### Pictures with short captions
◇ ◇ ◇ ◇

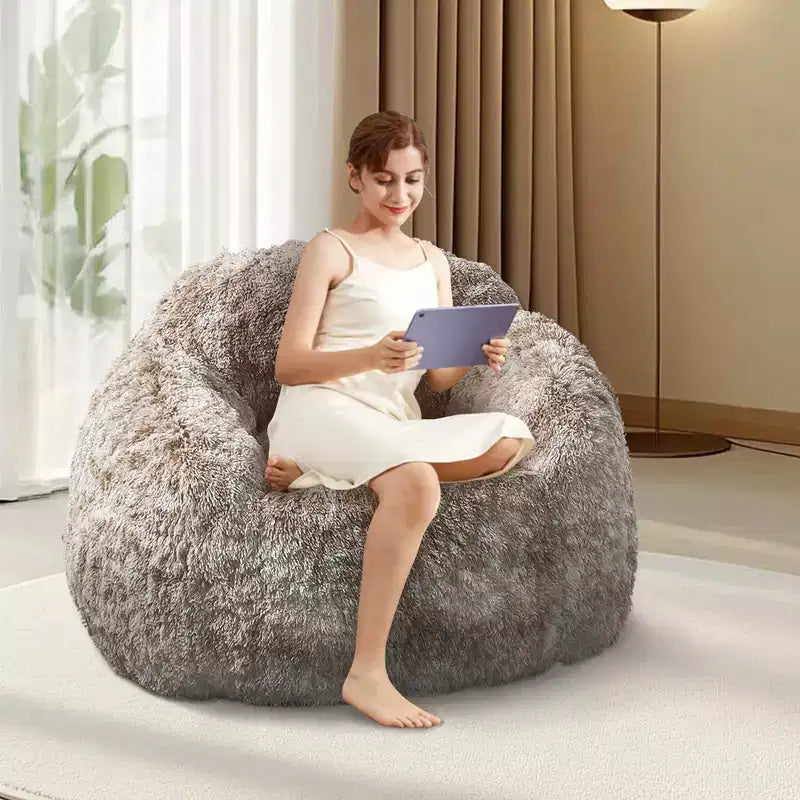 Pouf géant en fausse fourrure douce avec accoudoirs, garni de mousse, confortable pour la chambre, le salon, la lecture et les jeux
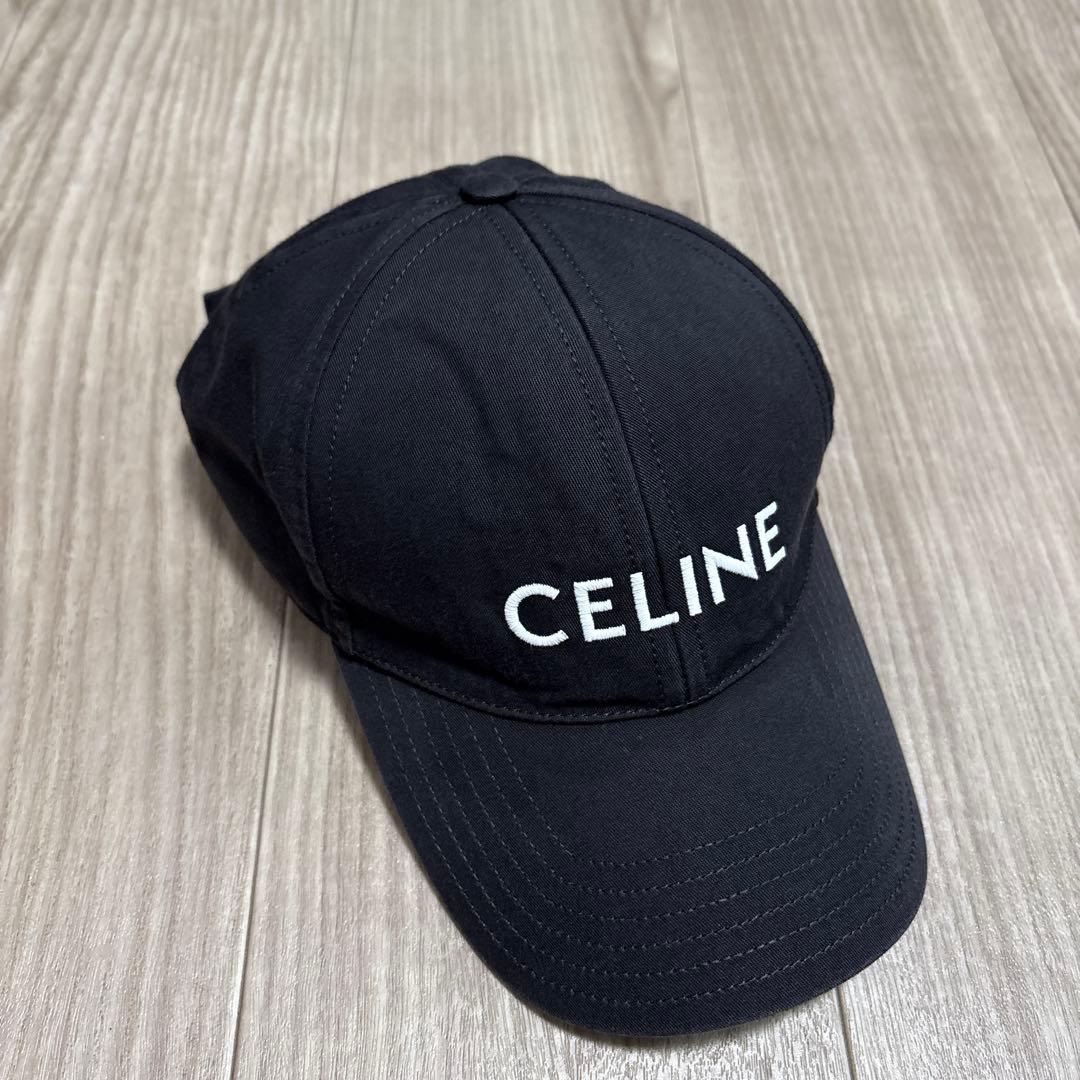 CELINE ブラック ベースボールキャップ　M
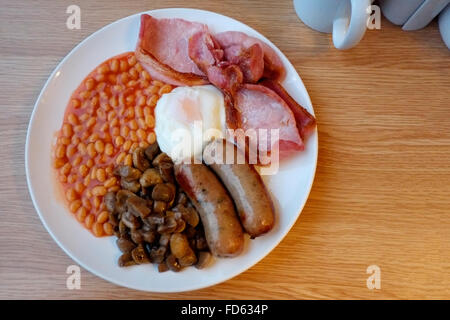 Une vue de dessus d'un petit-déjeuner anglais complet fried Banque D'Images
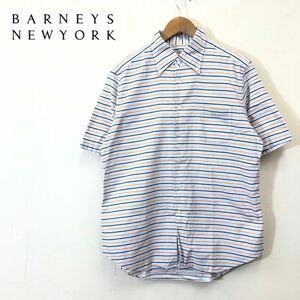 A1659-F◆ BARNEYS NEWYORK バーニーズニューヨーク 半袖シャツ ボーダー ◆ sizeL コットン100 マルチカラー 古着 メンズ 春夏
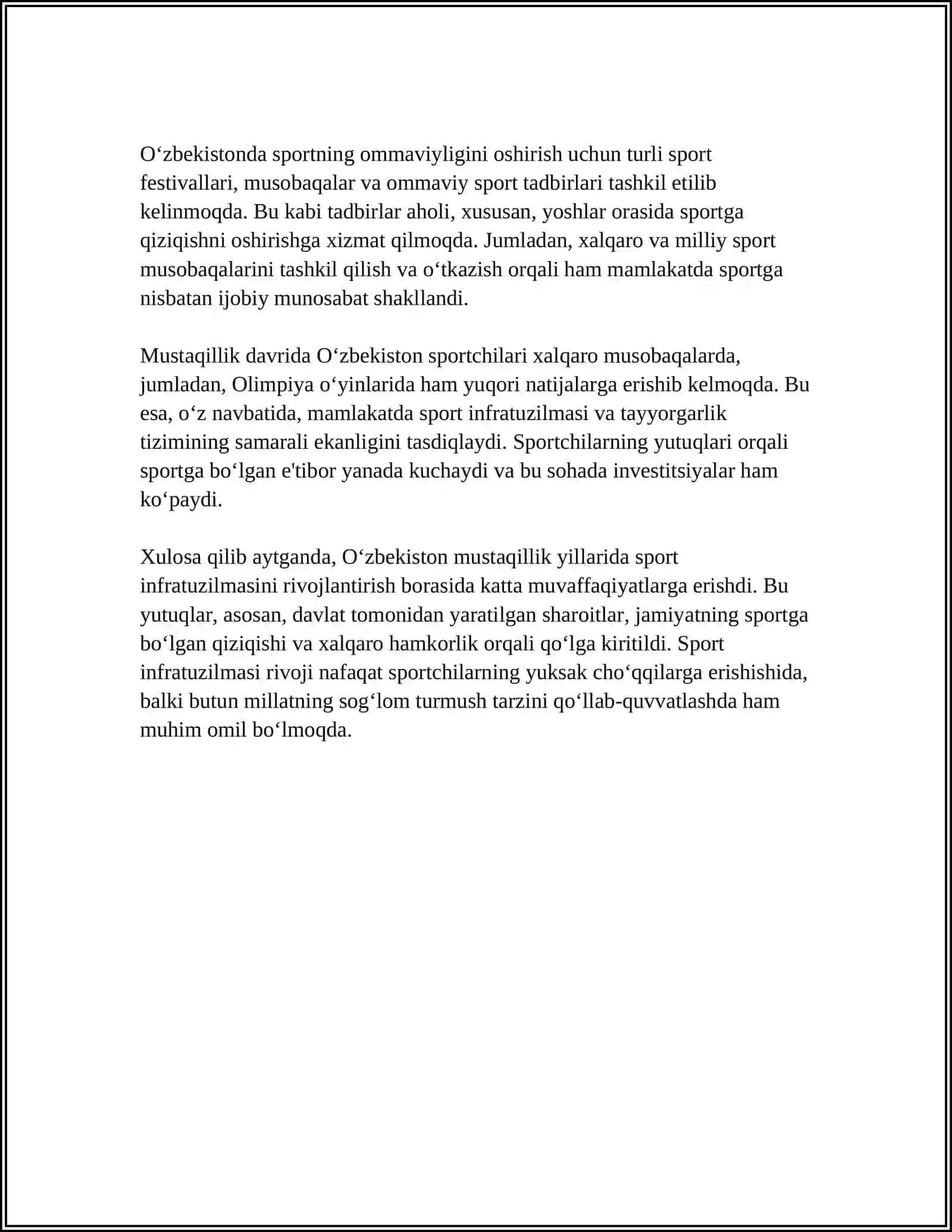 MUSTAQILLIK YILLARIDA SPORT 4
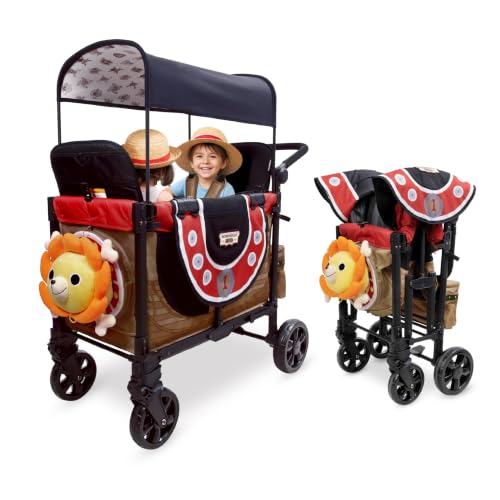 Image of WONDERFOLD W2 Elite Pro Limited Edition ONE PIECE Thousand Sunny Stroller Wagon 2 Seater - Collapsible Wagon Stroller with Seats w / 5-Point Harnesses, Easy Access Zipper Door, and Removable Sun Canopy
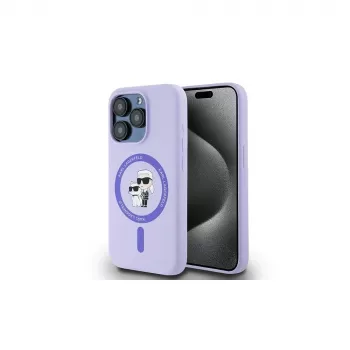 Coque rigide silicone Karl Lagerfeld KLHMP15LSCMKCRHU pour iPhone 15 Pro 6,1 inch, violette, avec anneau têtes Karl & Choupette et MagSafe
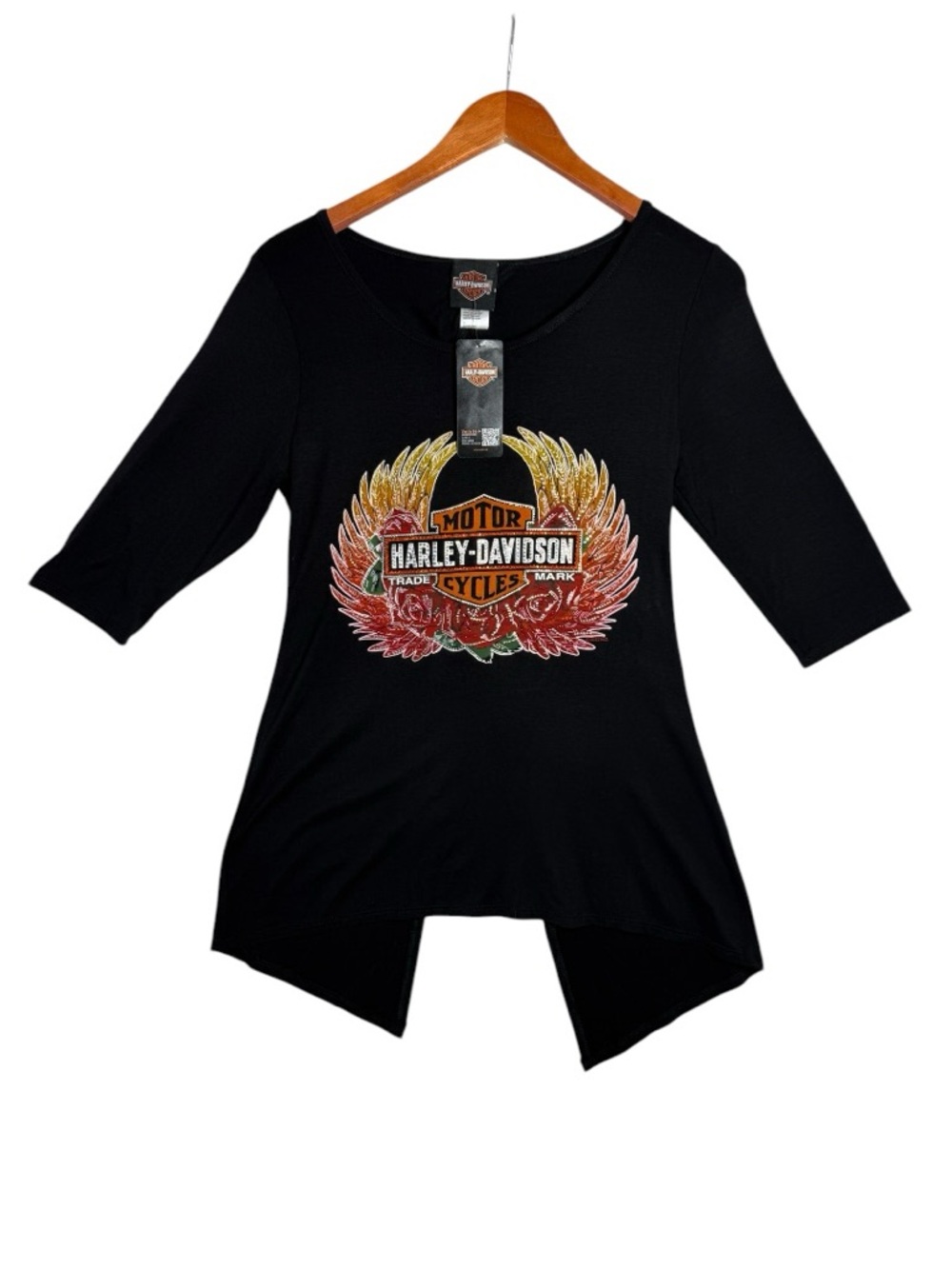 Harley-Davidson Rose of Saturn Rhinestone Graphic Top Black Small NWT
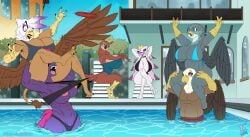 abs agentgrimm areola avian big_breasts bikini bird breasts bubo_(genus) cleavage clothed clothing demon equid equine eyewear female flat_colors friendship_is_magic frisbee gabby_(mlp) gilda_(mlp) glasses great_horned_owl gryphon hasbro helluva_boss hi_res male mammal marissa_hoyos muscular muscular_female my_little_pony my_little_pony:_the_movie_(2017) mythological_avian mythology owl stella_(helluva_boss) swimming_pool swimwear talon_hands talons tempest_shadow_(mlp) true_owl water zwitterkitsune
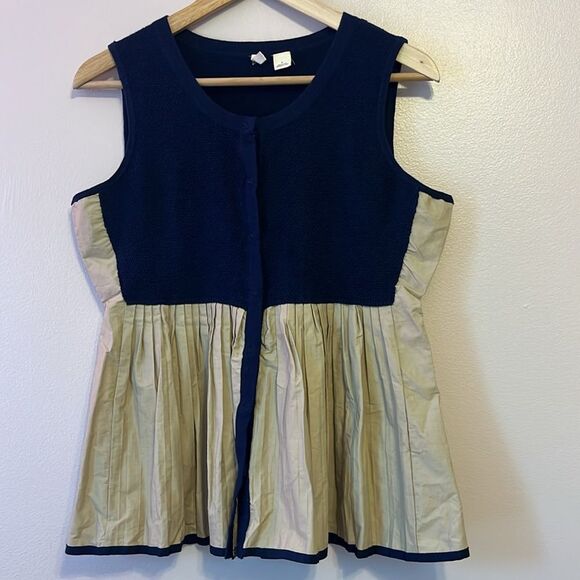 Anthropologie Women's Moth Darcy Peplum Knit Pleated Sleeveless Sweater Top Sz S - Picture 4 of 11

◇ ◇ ◇ ◇

From the records above, output only the lines starting at the one containing "Une vue de dessus" and ending at the one containing "Harley-Davidson Rose of", word for word. Pictures stay out.

 Une vue de dessus d'un petit-déjeuner anglais complet fried Banque D'Images
 A1659-F◆ BARNEYS NEWYORK バーニーズニューヨーク 半袖シャツ ボーダー ◆ sizeL コットン100 マルチカラー 古着 メンズ 春夏
 MUSTAQILLIK YILLARIDA SPORT 4
 Image of WONDERFOLD W2 Elite Pro Limited Edition ONE PIECE Thousand Sunny Stroller Wagon 2 Seater - Collapsible Wagon Stroller with Seats w / 5-Point Harnesses, Easy Access Zipper Door, and Removable Sun Canopy
 Coque rigide silicone Karl Lagerfeld KLHMP15LSCMKCRHU pour iPhone 15 Pro 6,1 inch, violette, avec anneau têtes Karl & Choupette et MagSafe
 Harley-Davidson Rose of Saturn Rhinestone Graphic Top Black Small NWT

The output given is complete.